● **WHAT TO DO**: For every record that follows, write out the text exactly and omit the picture, if one is present.

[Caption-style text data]

◆ ◆ ◆

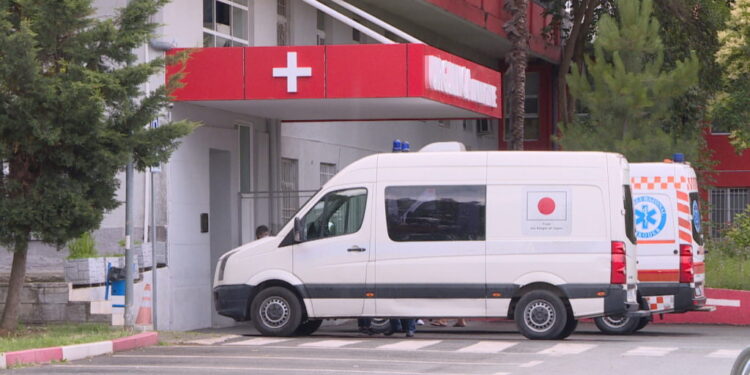 15 të vdekur nga COVID-19 në 24 orët e fundit në Shqipëri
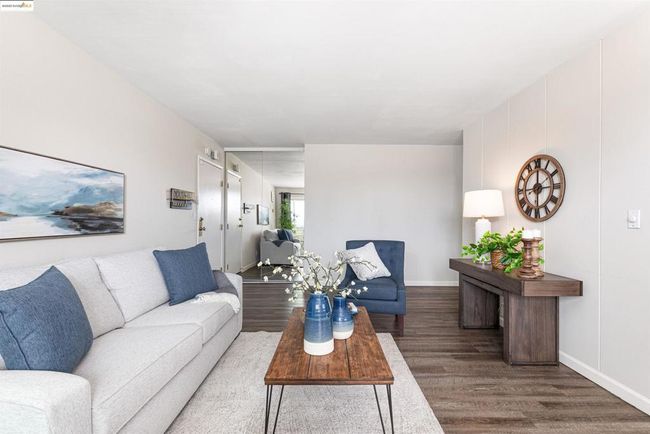 APT-209 - 360 Vernon St, Condo with 2 bedrooms, 1 bathrooms and 1 parking in Oakland CA | Image 6
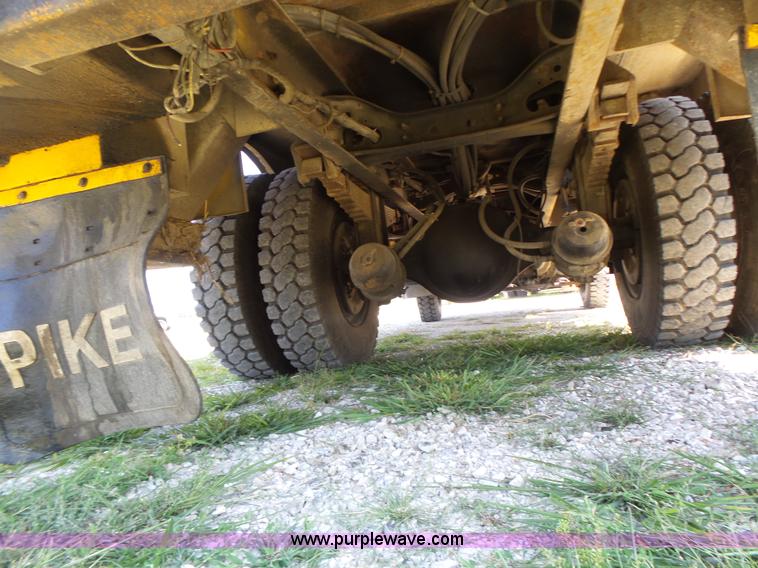 image for item K5717 2006 International 7300 digger derrick truck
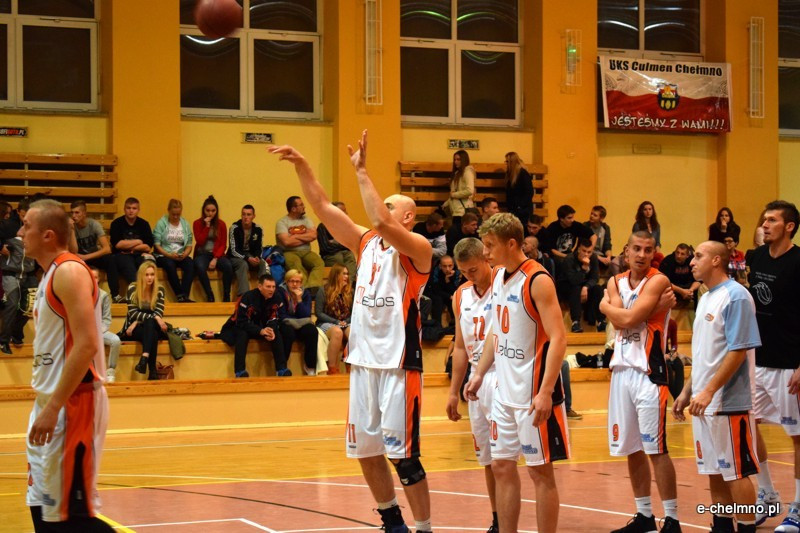 Zwycięstwo koszykarzy MEDOS MChKK Chełmno w meczu z drużyną NOVUM/ASTORIA Bydgoszcz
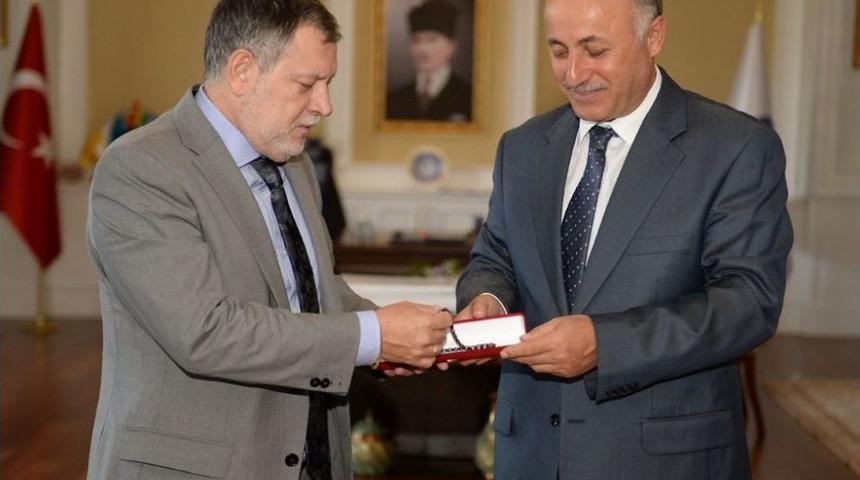 Vali Azizoğlu Rus Kayak Severleri Erzurum&rsquo;a Davet Etti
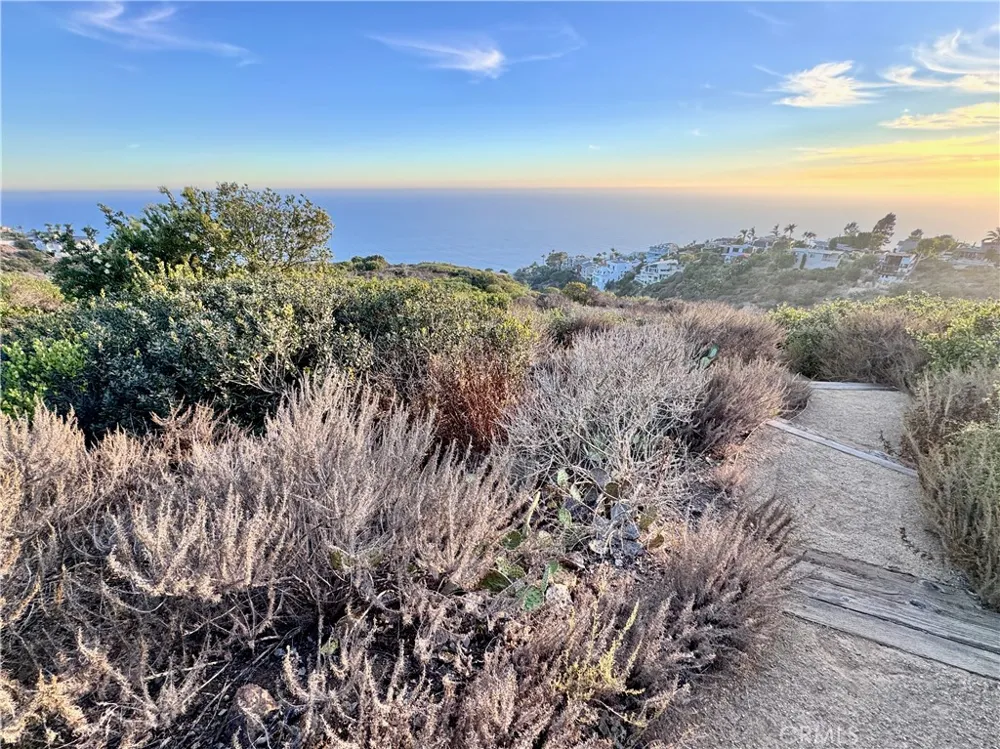 896 Quivera Laguna Beach, CA 92651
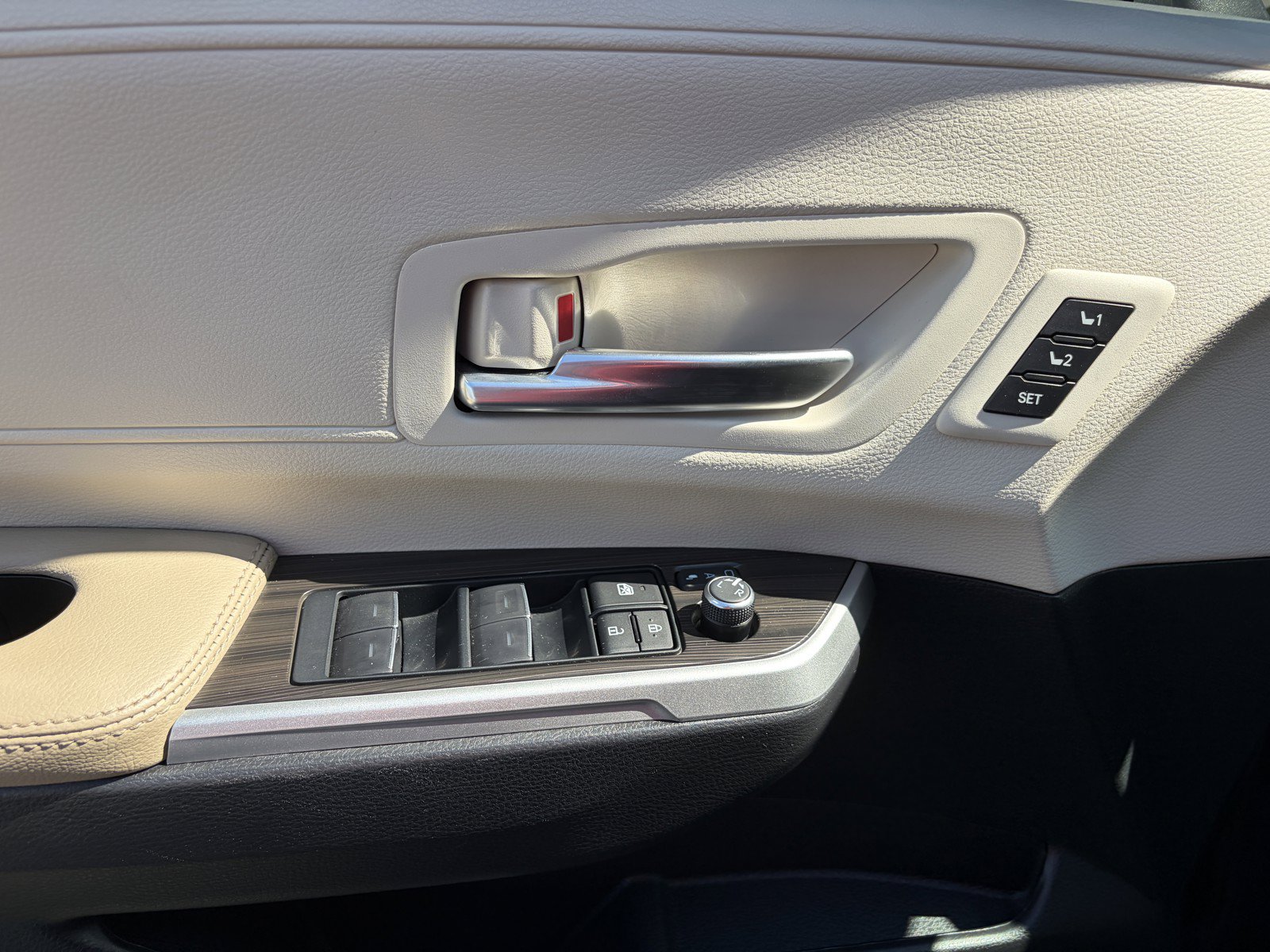 2023 Toyota Sienna Limited - Photo 13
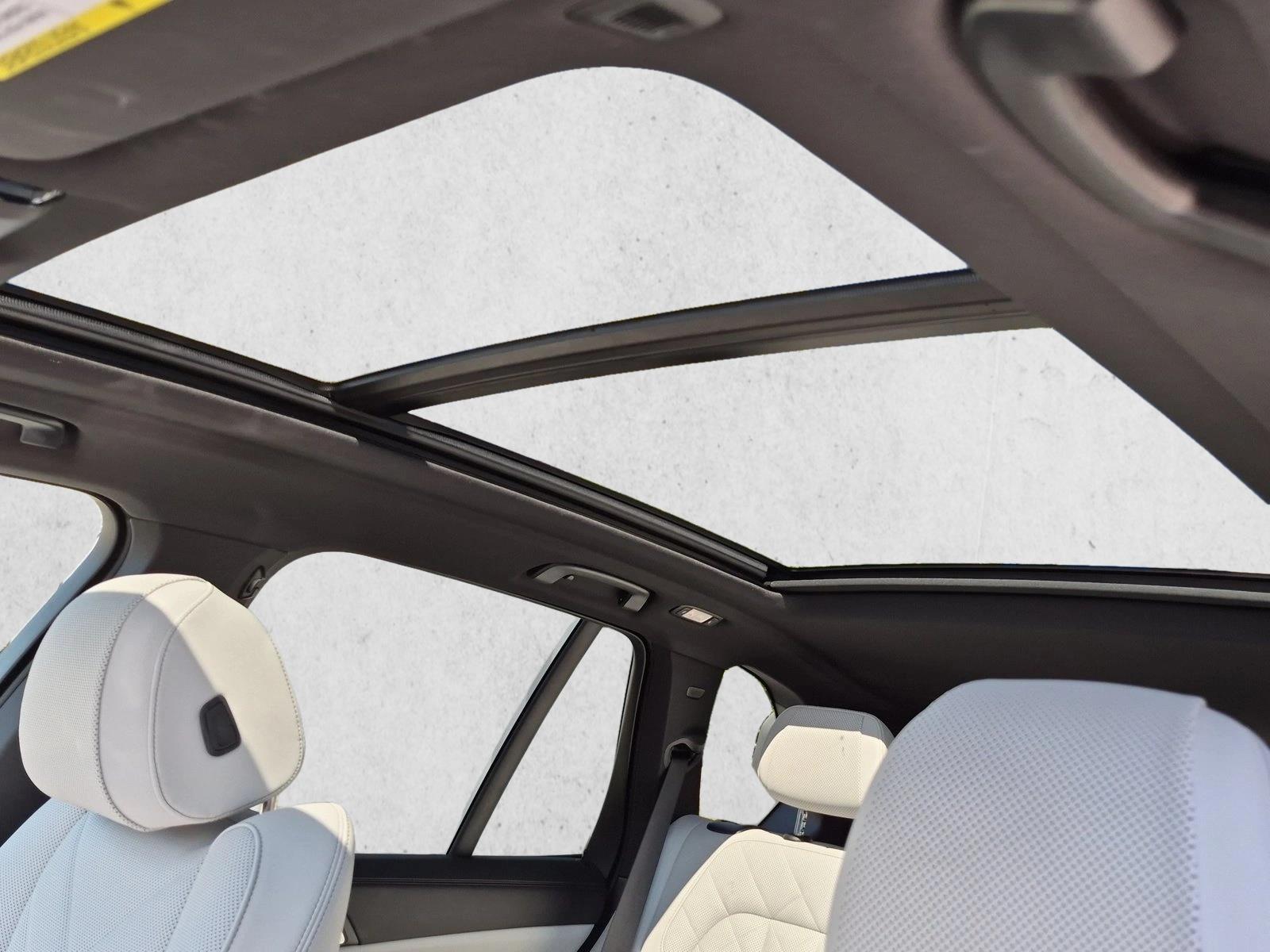 2026 BMW X5 50e - Photo 16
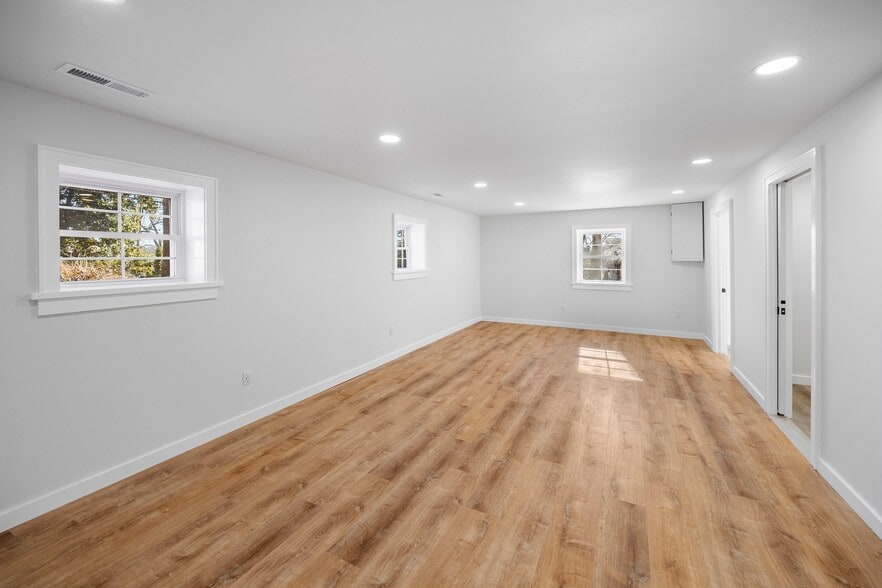 Building Photo - 713 Aeronca Rd NW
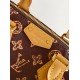 M28102 本款Speedy Trunk 20手袋选用Monogram Origine帆布，以此设计庆贺路易威登Monogram图案问世130周年。光滑牛皮革点缀手柄，专属地址牌标记庆贺系列身份。开启可见条纹内衬和收纳小物的贴袋，链条和挂锁完善工致细节。尺寸：20.5  13.5  11 cm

◆ ◆ ◆

● **SOLVED EXERCISE**:
 15 të vdekur nga COVID-19 në 24 orët e fundit në Shqipëri
 APT-209 - 360 Vernon St, Condo with 2 bedrooms, 1 bathrooms and 1 parking in Oakland CA | Image 6
 image for item K5717 2006 International 7300 digger derrick truck
 Zwycięstwo koszykarzy MEDOS MChKK Chełmno w meczu z drużyną NOVUM/ASTORIA Bydgoszcz
 Vali Azizoğlu Rus Kayak Severleri Erzurum&rsquo;a Davet Etti
 896 Quivera Laguna Beach, CA 92651
 2023 Toyota Sienna Limited - Photo 13
 2026 BMW X5 50e - Photo 16
 Building Photo - 713 Aeronca Rd NW
 M28102 本款Speedy Trunk 20手袋选用Monogram Origine帆布，以此设计庆贺路易威登Monogram图案问世130周年。光滑牛皮革点缀手柄，专属地址牌标记庆贺系列身份。开启可见条纹内衬和收纳小物的贴袋，链条和挂锁完善工致细节。尺寸：20.5  13.5  11 cm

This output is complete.